In appearance the leaves are dark brown and light yet crisp with a few sticks/stems present. They are loosely chopped and vary a little in size.
Steeping Parameters: 3g of leaf – 90C water – 270ml vessel – 3 minutes
Once steeped the liquid is Golden, red/brown and bares a smoky, wooden scent somewhat toned down from it’s raw form.
Flavour is rather mild considering the stronger scent. The first sips are smoky and wooden with some dryness but it quickly dissipates and becomes sweet (like honey) with a lingering aftertaste. No where near as strong as say a Lapsang Souchong, and far more complex in flavour.
As it cools slightly and my mouth is coated in it’s essence I can note the whisky in it’s ever growing sweetness. Malty yet smooth and sweet with a hint of smoke, sounds like a good whisky right? And I am a whisky sorta gal, it’s my poison if you will. Also a fruit note comes through a bit better half way down my cup, like plum or apricot. Sour and sharp but also sweet and juicy.

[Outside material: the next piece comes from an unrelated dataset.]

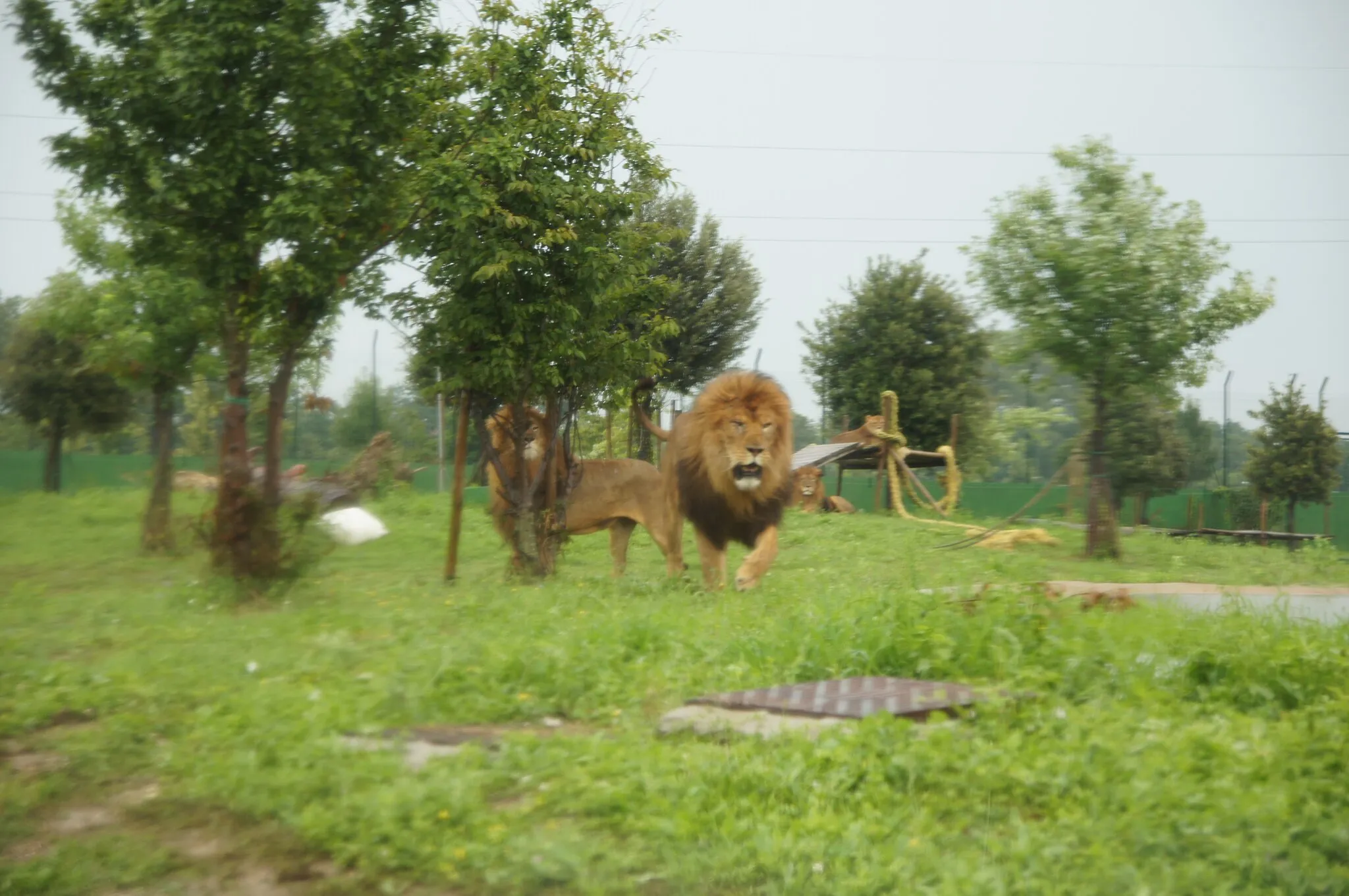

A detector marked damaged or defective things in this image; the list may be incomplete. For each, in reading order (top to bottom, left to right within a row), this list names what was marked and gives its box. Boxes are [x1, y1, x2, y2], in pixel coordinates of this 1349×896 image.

A good second steep with plenty of smoke and sweetness left to speak of. Perhaps not like honey at this point, more like brown sugar. Still the sweetness comes through in the after taste and it lingers on the tongue, coating my mouth with it’s beautiful glory.
More wooden in this steep too.
Very soft but hints of smoke and sweet fruit remain. A refreshing finish to a complex and flavourful tea.
This tea was frankly everything I wanted and more. Packed with flavour without an overpowering smokiness and delicious throughout each steep. The whisky barrel has added so much depth and sweetness, it was a truly beautiful touch. I achieved all of this with only 3g of leaf, very impressive.